With this post I'm starting a new category at House Enthusiast where I'll share "KHS work-in-progress". I posted some exterior and interior progress photos of this project over the winter in a "New-Small-House book tidbit" about transformation. Now the Touisset small-house renovation/addition is nearing substantial completion.
This is a kitchen/dining/family area addition off a c. 1910 ish cottage bungalow. We designed it to resemble an enclosed porch inside and out, though it's new construction. Windows wrap three sides and a cathedral ceiling with mahogany beams give it a porch-like quality. Daylight is shared by each of the overlapping kitchen/dining/family spaces and the increased ceiling height allows the various spaces to feel larger than the sum of their parts.
Because windows line the counter work surface there are no overhead cabinets and therefore no undercabinet lights, so to provide task lighting, low-voltage cable lights stretch between beams. Tall cabinets, not seen to the right, provide storage for items that would otherwise have occupied overhead cabinets. A sliver of the built-in banquette is visible beyond the shaker-style cabinets and soapstone counters. The banquette and the built-in bench adjacent to the stair provide discreet locations for intimate gathering and slight remove from activity elsewhere in the space.

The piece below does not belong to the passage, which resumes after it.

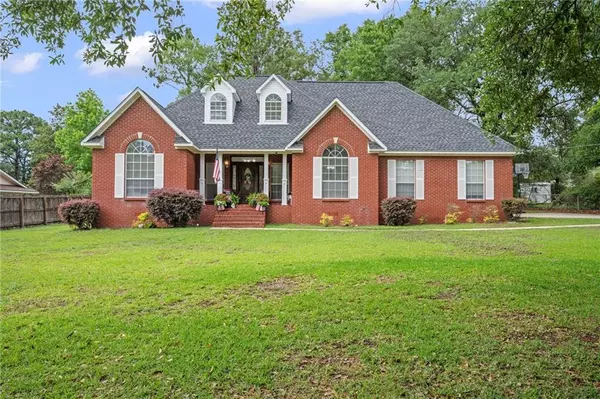 4492 Spruce AVE, Saraland, AL 36571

A new gas heating stove is yet to be installed on the other side of bar-counter wall. The existing stair to the right, which used to run along the exterior wall of the house, now opens into the addition and sports a new guardrail on the addition side of the stair which plays off the existing square baluster design of the original guardrail on the other side of the stair.
Southern yellow heart pine floors tie the addition into the existing home and a family of industrial-inspired light fixtures with smoked glass and exposed filament bulbs provide cohesive warm accents throughout the kitchen/dining/family area. This multipurpose space offers a variety of spatial experiences for a variety of activities which will allow it to live larger.